[hsflinux] modprobe for hsf driver making machine hang

Josh Green jgreen at users.sourceforge.net
Tue Aug 31 16:10:22 EDT 2004


On Tue, 2004-08-31 at 14:40, reluctantconexantuser at driveconsultants.com
wrote:
> I have been having the same problem that has been reported by several others where running the modprobe to insert the hsfserial module causes a 2.6  kernel machine (gentoo in my case) to all but crash. I have investigated this and I fully understand the problem and 95% of the solution. I know exactly how to configure a working system that will load the required modules on demand, using the correct methods without any bodges.
> 
> If this was free software I would happily post the full solution here, however since Linuxant are charging us for the privilege of using the full blown driver I don't particularly want them to benefit from the several hours of work I have spent on this. I suppose if they were to send me a full licence I would publish my solution.
> 
> The solution of course lies in the modprobe.conf file. I know exactly what modifications are needed to this file, however I'm not 100% sure how to make a change in the modules.d/hsf file in such a way that it can be correctly translated. I must say, the current state in Linux where we in a transition from modules.conf to modprobe.conf is hardly satisfactory. The sooner we can do away with modules.conf the better, but there doesn't seem to be an equivalent of modules.d that relates to modprobe.conf.

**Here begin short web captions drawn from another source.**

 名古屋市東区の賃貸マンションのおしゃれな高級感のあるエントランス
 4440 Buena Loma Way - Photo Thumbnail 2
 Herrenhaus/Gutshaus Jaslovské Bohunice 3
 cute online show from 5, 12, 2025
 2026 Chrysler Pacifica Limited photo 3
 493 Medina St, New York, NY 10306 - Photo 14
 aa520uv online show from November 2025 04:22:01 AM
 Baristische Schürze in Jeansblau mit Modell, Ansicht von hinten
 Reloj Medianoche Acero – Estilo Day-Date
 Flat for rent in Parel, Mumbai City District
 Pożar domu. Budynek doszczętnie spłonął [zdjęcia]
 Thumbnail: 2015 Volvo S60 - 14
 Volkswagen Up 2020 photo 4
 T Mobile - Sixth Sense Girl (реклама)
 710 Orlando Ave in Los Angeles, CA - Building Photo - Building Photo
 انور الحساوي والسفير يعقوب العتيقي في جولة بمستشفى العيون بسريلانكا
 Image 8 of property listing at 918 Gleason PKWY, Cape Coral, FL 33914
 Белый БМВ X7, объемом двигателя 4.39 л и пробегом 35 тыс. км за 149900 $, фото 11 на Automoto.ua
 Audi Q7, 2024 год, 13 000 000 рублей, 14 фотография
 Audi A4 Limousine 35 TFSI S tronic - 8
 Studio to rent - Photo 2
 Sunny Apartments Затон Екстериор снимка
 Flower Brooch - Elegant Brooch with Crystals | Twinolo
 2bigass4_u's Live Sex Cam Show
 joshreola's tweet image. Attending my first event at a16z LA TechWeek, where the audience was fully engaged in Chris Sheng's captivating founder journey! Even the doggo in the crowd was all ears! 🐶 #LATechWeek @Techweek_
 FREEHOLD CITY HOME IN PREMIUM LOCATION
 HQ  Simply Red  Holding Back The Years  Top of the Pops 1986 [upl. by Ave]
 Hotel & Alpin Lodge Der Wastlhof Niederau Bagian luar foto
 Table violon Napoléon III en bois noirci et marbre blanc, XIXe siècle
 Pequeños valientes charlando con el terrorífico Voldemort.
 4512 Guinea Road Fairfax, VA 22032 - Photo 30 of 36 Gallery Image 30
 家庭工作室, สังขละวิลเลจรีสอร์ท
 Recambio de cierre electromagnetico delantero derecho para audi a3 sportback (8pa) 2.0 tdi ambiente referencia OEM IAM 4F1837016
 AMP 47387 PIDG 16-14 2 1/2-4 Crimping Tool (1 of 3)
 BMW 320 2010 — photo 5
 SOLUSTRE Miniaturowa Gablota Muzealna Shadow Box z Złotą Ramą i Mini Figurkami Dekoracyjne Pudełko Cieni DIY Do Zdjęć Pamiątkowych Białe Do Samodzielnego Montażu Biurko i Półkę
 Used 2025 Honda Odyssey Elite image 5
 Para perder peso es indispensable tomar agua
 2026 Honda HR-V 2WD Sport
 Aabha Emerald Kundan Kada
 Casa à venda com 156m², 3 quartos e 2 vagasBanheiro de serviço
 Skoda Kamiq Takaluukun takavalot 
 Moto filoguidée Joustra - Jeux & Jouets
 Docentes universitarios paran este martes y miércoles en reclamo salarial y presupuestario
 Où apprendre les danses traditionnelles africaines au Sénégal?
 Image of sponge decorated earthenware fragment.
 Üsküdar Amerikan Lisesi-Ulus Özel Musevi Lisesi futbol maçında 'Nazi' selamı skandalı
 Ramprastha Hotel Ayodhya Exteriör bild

I also use gentoo and some of those posts were from me. Not sure if you
saw the email or not, but I believe it was one of the Linuxant
developers. It was mentioned that the problem is with module-init-tools
and modprobe. It gets into a recursive dependency situation where an
endless number of insmod processes get forked off, essentially forking
your machine :)  The fix mentioned was to upgrade to 3.0 of
module-init-tools. This doesn't work, at least with Gentoo, since the
bug appears to be there as well (it was the first version I was using
before I started trying older versions). For now I just have all the
modules load at boot time using /etc/modules.autoload.d/kernel-2.6 (they
load in the order of dependency) and removed the probeall lines from
/etc/modules.d/hsf.

I can understand your reluctance to share your hard earned information
to a project that isn't completely open. But unfortunately its the only
option for us poor users who happen to end up with one of these Conexant
software modems and want to use Linux (as I'm sure you know). I've been
tempted to just purchase another modem at times since I've been less
than satisfied with the Linuxant drivers and Linux kernel 2.6. Once I
resolved the modprobe issue though, things have been working fine
(despite some weired interaction from my ALSA PCM drivers and the modem,
which I'll describe in another email). I just hope it doesn't break with
the next kernel release. It just goes to show, with an open source
operating system its nice to have open hardware as well (which is no
fault of Linuxant's I'm sure). Cheers.